The show got help from actual cops
The crew tasked with making the hiring decisions went the extra mile to give the sense of realism on the show. As mentioned before, Johnson took part in a police stakeout to get a real sense for what it’s like to be a police officer on the job.
This was an integral way to get into character through embracing what it means to be a police officer. The only other better strategy would be through an actual shoot-out, but of course that would probably be seen as a little extreme…
Inspiring a better city
There are many scenes showing the architecture of the sunny city of Miami. During filming, many of the buildings and infrastructure were left virtually untouched from the 1930s and 1940s. But once the show began, the massive influx of tourism and economic success was quick to follow.

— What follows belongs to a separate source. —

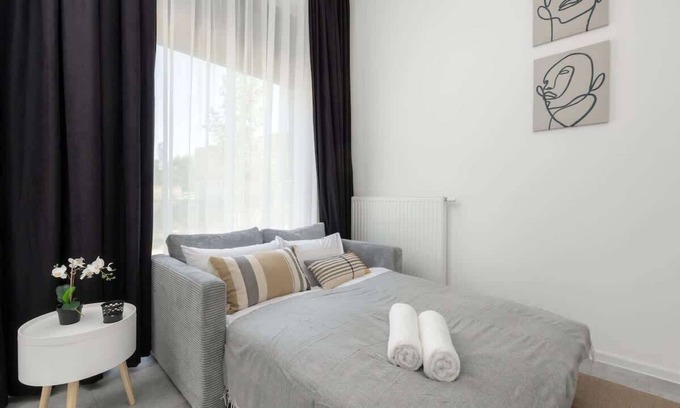 West Pomeranian Voivodeship Apartment | Elegant Studio Chmielewskiego | Parking | Szczecin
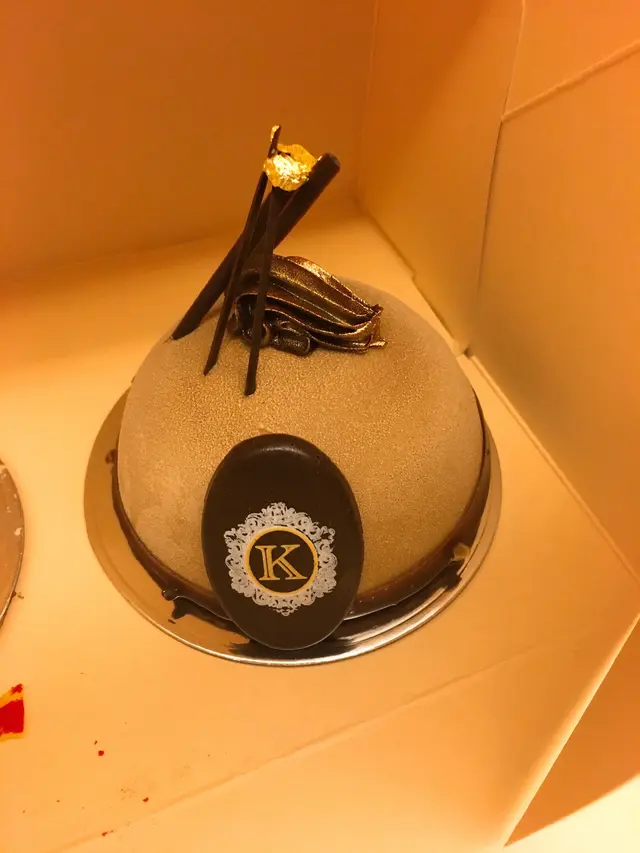 EARL GREY CHOCOLATE TART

Thanks to this surge in capital, officials were inspired to renovate and improve many of the dilapidated buildings and structures in the city. So you could say Miami Vice was more than just a cop-thriller drama masterpiece. It was, in some ways, a cultural and economic phenomenon.
Inflated ego or charm?
Many people assumed Philip Michael Thomas’ “EGOT” necklace, which he often wore on the show, stood for Emmy, Grammy, Oscar, and Tony. However, if they were to assume this, they would be wrong. It actually served as an inspirational tool that enabled him to show up on set and give his full effort.
Usually, you would be correct if you did assume the former. In Thomas’ case, however, he stated it stood for energy, growth, opportunity, and talent. It seems the necklace certainly helped, as he was nominated for Best Performance by an Actor in a Television Series for playing Detective Rico Tubbs.
The real reality show
You know there’s something special about a show when one of the extras was a real-life hero. In this case, the extra just so happened to be an actual Miami police officer who was instrumental in saving a bus full of kids who were being held hostage in real life.
The officer’s name was Greg Kral, and he lives on in the hearts and minds of the Miami community to this day. What’s even more intriguing is that he played a role in bringing down the killer of Versace. Now that is a pretty awesome cop if we’ve ever heard of one.